DE la confrontation des points de vues des deux éditeurs qui ont pris la parole: Christian de Bartillat (Stock) et François Wahl (Ed. du Seuil), on peut extraire plusieurs lignes de force. Le rôle de l'éditeur est d'aller au devant du désir exprimé ou sous-jacent du public. L'éditeur doit donc agir comme sociologue du monde qui l'entoure et aussi comme un radar, car il y a dans cette quête du désir une part d'intuition (le radar) et une part de connaissances des vagues successives qui reviennent dans l'esprit humain, selon le phénomène de Young (le sociologue). On peut, cependant, se demander si le désir du public n'est pas parfois faussé et créé artificiellement par les médias dont le pouvoir économique et politique ne peut pas être constaté. Dès lors, une partie du désir n'est-elle pas déjà aliénée, lorsqu'elle revient sous forme écrite ? C'est un point sur lequel les éditeurs ne se sont pas étendus.
Ils reconnaissent que le désir au-devant duquel ils vont n'est pas celui des masses. C'est celui d'un groupe limité dont l'accès n'est pas toujours aisé, les ventes, sont là pour le prouver. Or, dans ce domaine, il semble que les médias (presse, radio, télévision) ne jouent pas entièrement leur rôle. En effet, les comptes rendus des ouvrages en sciences humaines ne font pas la une des grands journaux qui leur préfèrent les romans, sans doute plus rentables.
De toute façon, c'est un constat général, les sciences humaines sont en crise et se vendent mal. Le phénomène vient en partie du fait qu'un texte doit parler, doit être une énonciation ; or ce n'est une découverte pour personne, notre monde intellectuel est un monde mimétique qui se nourrit du passé. La nouvelle génération des intellectuels essaie de sortir du cadre "cartésien" hérité du XVIIIe siècle pour entrer dans le cadre de l'imaginaire, peu propre à énoncer des théories. On, passe, selon le mot de M. Wahl, des sciences humaines aux sciences du symbolique. Ce passage ne va pas sans mal et certaines maisons d'éditions préfèrent porter leur intérêt sur telle ou telle part des sciences humaines plutôt que d'en couvrir la totalité.

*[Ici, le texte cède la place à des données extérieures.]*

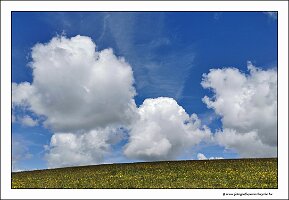 IMG_20260515_121138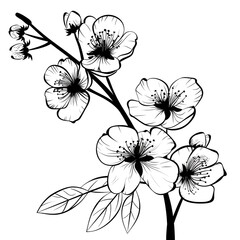 A hand drawing of a branch of sakura tree with a few flowers on it. Flower blossom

Pour cela, l'éditeur va au-devant de l'auteur, de "l'énoncia-teur". Après avoir choisir ses textes, il les corrige, les réécrit, pour faire ressortir les concepts essentiels, les énonciations, de tout le fatras verbeux qui les occulte. Or, là encore, deux questions viennent à l'esprit. D'abord quelle est la part d'aliénation du désir dans l'élimination d'un texte au profit d'un autre ? D'autre part, n'y a-t-il aussi aliénation de la pensée lorsque l'éditeur corrige et réécrit le texte des auteurs ?
Enfin, il nous semble qu'une question essentielle n'a pas été abordée : le simple point de vue économique n'a-t-il pas un ascendant important sur le choix des textes ?
En conclusion, cet échange de vue entre bibliothécaires et éditeurs de sciences humaines nous a semblé très fructueux, car il mettait en évidence plusieurs questions et le devoir qui est celui des bibliothécaires de se faire connaître des éditeurs. En effet, M. Wahl définissait le rôle de l'éditeur ainsi que suit : percevoir un désir du public et se mettre au service de ce qui est en mouvement, alors que, selon lui, le rôle du bibliothécaire est d'archiver ce même désir. C'est oublier bien vite que pour le choix qu'il doit faire des livres qu'il offre au public, le bibliothécaire va lui aussi, au-devant du désir du public. Voilà encore une preuve que si les bibliothécaires ne connaissent pas toujours les éditeurs, la réciproque est aussi courante et notre congrès aura permis de corriger cette méconnaissance.